A Closer Look at Electric Toothbrushes

April is Oral Health month. As a dental hygienist I feel the need to share as much oral health information with as many people as possible, so this week I will do a few posts on the topic. I hope you all enjoy and learn something new!

I’ve already done a few posts related to dentistry. If you’ve missed them, be sure to check them out!

I like to think that I practice very conservative dentistry. I don’t use super fancy lasers available and never recommend products to patients just for the sake of promoting a brand. It’s just not my thing. I also rarely suggest something for a general population. Though we all have teeth that need proper care and maintenance, other than the standard ”brush and floss” I usually have individual plans for each patient. The only other thing I can think of that I would recommend for the general public is electric toothbrushes.

Why Electric?

Simply put, unless you’re brushing your teeth by perfect textbook technique (Yes, there is a proper technique) electric brushes are more effective than manual brushes. Few people care to put the effort into brushing their teeth as properly as they should. The electric toothbrush has proven over and over to remove more plaque/food/debris than manual toothbrushes.

What Type?

When looking for an electric toothbrush you want a head that is soft or ideally, extra soft, round and one that oscillates rather than vibrates back and forth. Like this:

Source: OralB

Source: OralB

Studies have shown, brushes that oscillate (spin in circles) are more effective than vibrating only brushes. Quite honestly, since I’m offering unsolicited advice, this is the only electric toothbrush type you should buy. If your prefer the other types that’s fine too but you’d probably be just as fine with a normal manual brush, save your money.

Gold Standard

The gold standard of electric toothbrushes would have to be the Oral B Triumph. At a pretty price of well over $100 you’re looking at an investment. Trying to maintain my honesty, though this is a fantastic product, I just can’t recommend anyone spend that money when the same company produces my personal favorite and most recommended, the Oral-B Vitality.

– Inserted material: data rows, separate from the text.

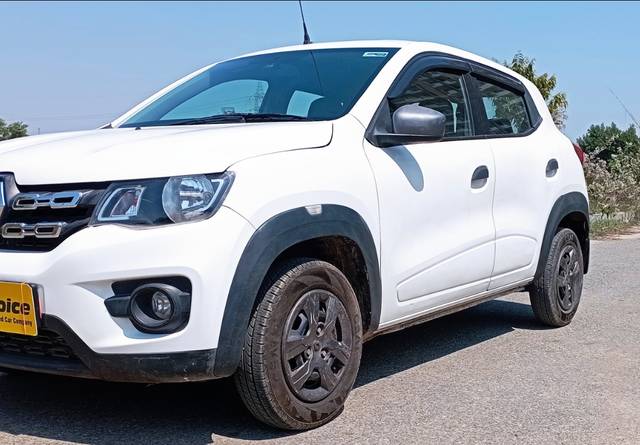 https://images10.gaadi.com/usedcar_image/3455413/original/561420__cover_image-20230327165416.jpg?imwidth=6400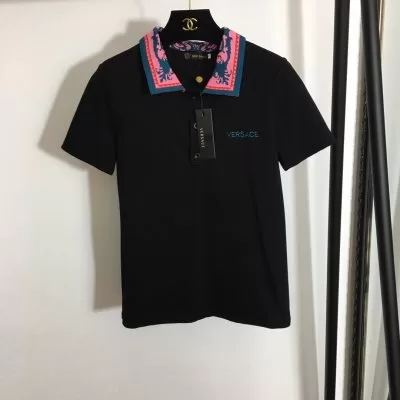 VERSACE ヴェルサーチ 半袖Tシャツ 高級感溢れるデザイン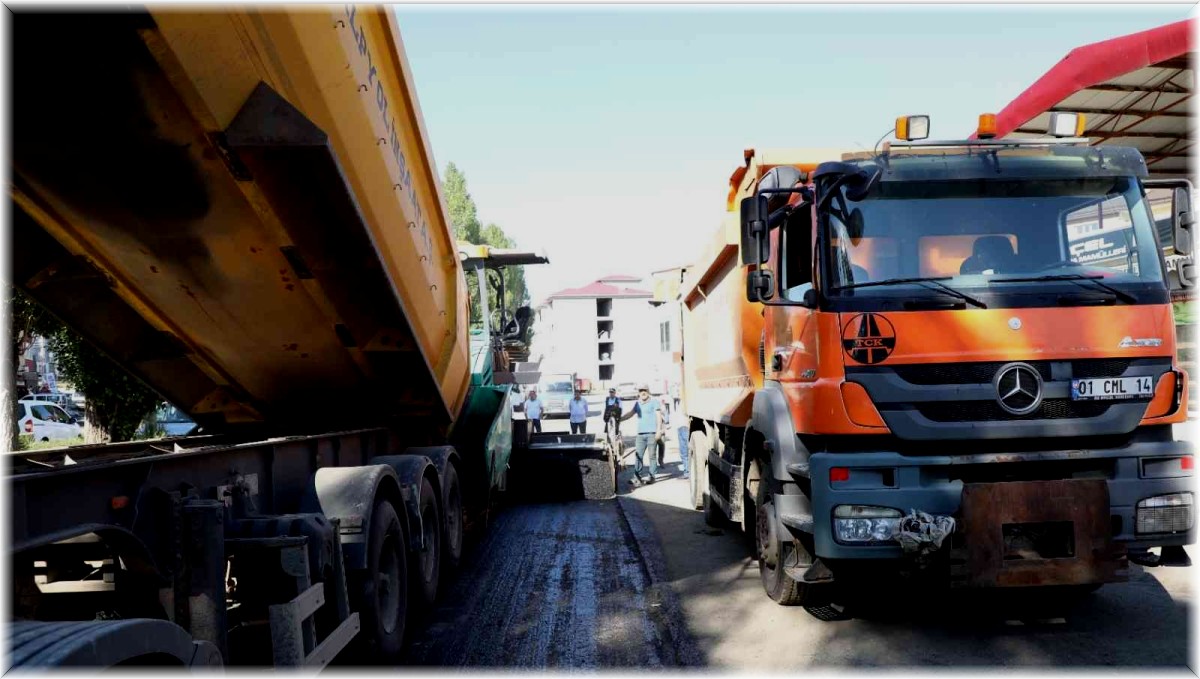 Kars'ta şehiriçi yollarda sıcak asfalt atılıyor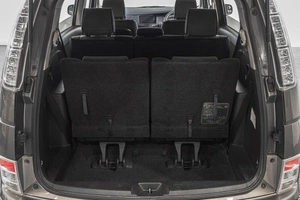 Минивэн Toyota Isis 2012 года, 1399000 рублей, Барнаул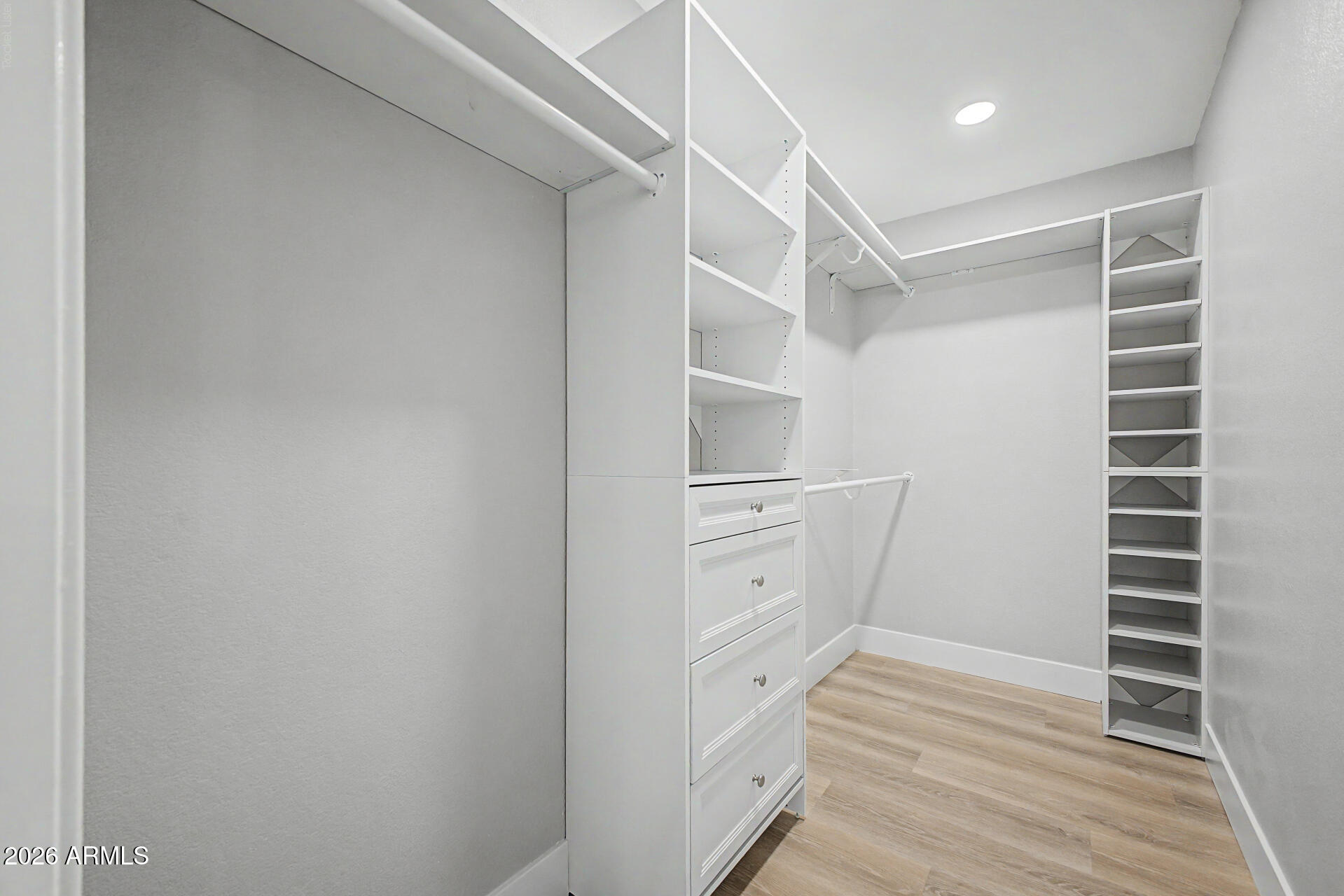 Mesa Tierra NO 3 - Residential Lease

The Vitality is rechargeable and uses the same heads as the Triumph…sort of seems like a no brainer huh? You have to be careful as some ”electric” brushes don’t even have batteries you change, once it dies you have to throw it out! For about $20 you can buy the Vitality with a few choice of head options (I prefer and recommend the ”sensitive” or ultra soft head for anyone), and you can buy refills.

Source: Amazon

Source: Amazon

I try to price dental products wherever I go so I can recommend the cheaper places for my patients. The best prices I find in store for electric toothbrushes and replacement heads are Walmart and Costco, sometimes Amazon is good too but I find them to be hit and miss.

Anyone Can Use Electric Toothbrushes 

A lot of people think because they have crowns, bridges, implants that they can’t use an electric brush, that it may somehow damage the porcelain or gold work. The opposite is true. If you want to prolong the length of your restoration using an electric brush will help maintain your tissues better and more effectively clean your restoration.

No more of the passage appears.